Difference Between Remanufactured & Repaired Turbos

Melett parts used in quality remanufactured

Many people get confused as to the difference between remanufactured & repaired turbochargers, and can often think that they are the same thing. Here we look to identify the differences between remanufactured and repaired turbochargers, and why they are not the same.


To remanufacture means to return the turbo to being as close to new as possible. A remanufactured turbo is one that has been completely manufactured to the standard of an original new turbo. If the turbo has wearable components, those are automatically replaced. All components are inspected against original equipment specifications for correct dimensional tolerances.

Replacement parts will be new or inspected used parts. If new, the parts should be made and tested to manufacturer specifications and original production standards. If used, the part should be inspected for any wear or other defects before it is used. Either way, the remanufactured turbo should meet OEM standards for tolerances, durability, and quality.
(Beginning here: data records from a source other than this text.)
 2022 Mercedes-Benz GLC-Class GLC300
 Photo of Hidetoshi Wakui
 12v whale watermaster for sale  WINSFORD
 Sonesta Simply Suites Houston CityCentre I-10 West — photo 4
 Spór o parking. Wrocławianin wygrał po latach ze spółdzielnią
ACEA, APRA Europe, CLEPA and FIRM all use the same definition for a remanufactured part:

“A remanufactured part fulfils a function which is at least equivalent compared to the original part. It is restored from an existing part (core), using standardized industrial processes in line with specific technical specifications. A remanufactured part is given the same warranty as a new part and it clearly identifies the part as a remanufactured part and states the remanufacturer.”


To repair is to recondition a turbo by cleaning, inspecting, and replacing only the parts that are worn or broken. Serviceable parts are reused if they fit within the manufacturer’s acceptable wear limits. The quality of repaired components can vary and many only come with a limited warranty.
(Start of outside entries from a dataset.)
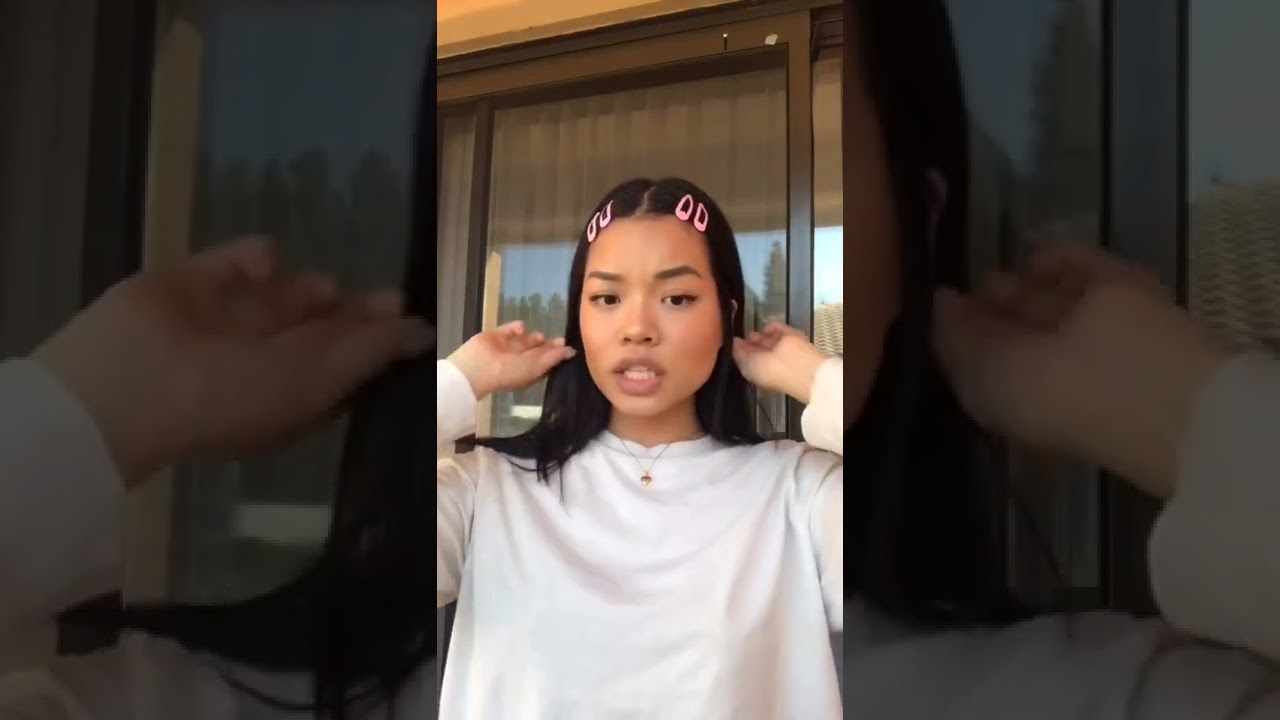 barrettes hair clips💇 hair accessories, hair clips, hair tutorial, diy hair clips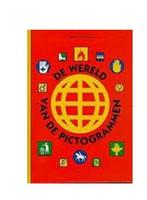 De wereld van de pictogrammen 9789068224412 T. Samoyault, Boeken, Kinderboeken | Kleuters, Verzenden, Gelezen, T. Samoyault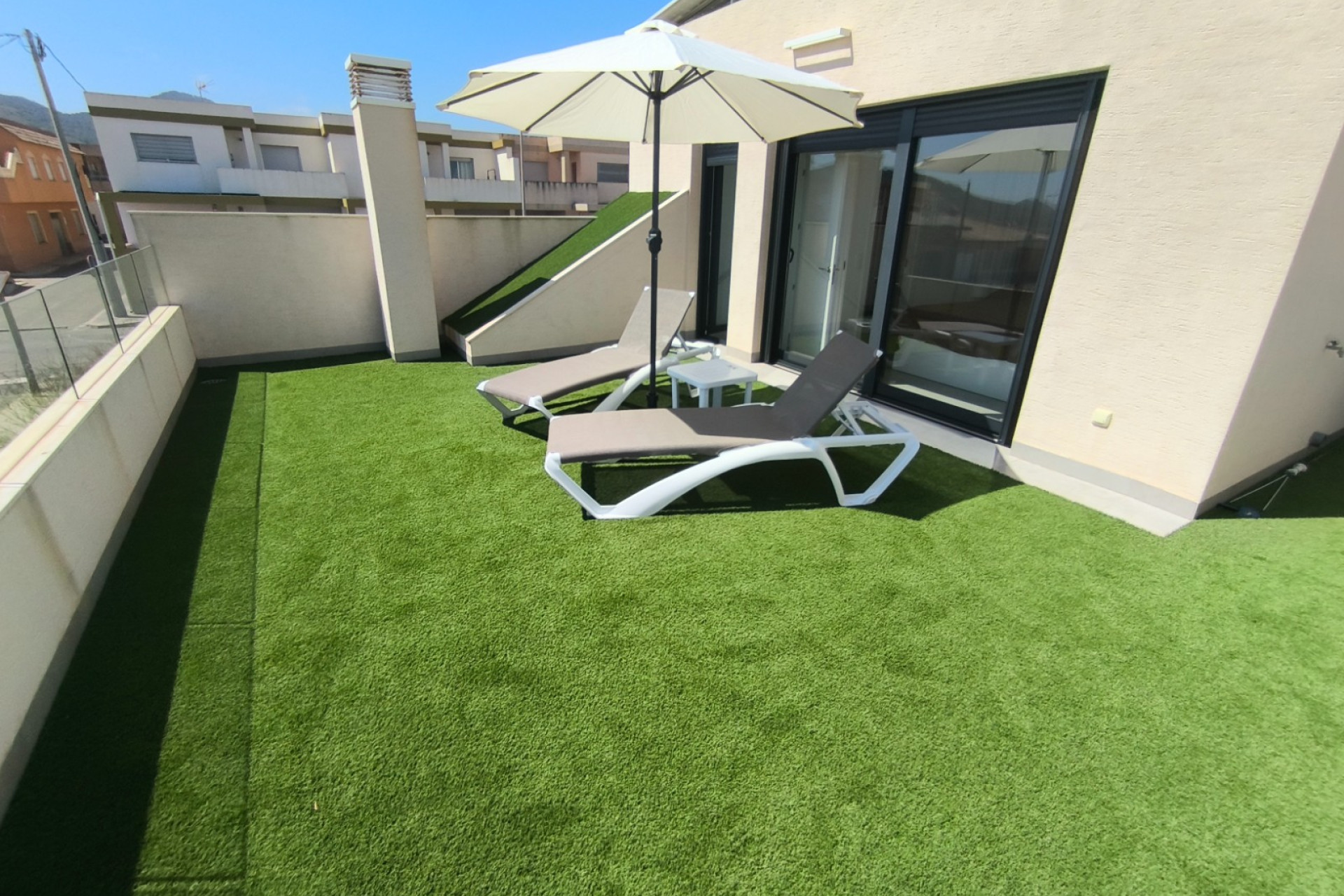 Перепродажа - Villa -
Cartagena - Los Belones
Before repair, all the turbo’s components within the unit are equally worn. After rebuilding, some of the turbo’s components could be new, some could have come from a different used unit, and some of the components will remain from the original turbo unit. Whilst the “used” components may still function properly and do not need replacing, they are still worn to some degree.

There may be other factors, invisible to the human eye, that can cause wear, such as heat stress and cracks. These can cause other problems with the part, resulting in premature failure.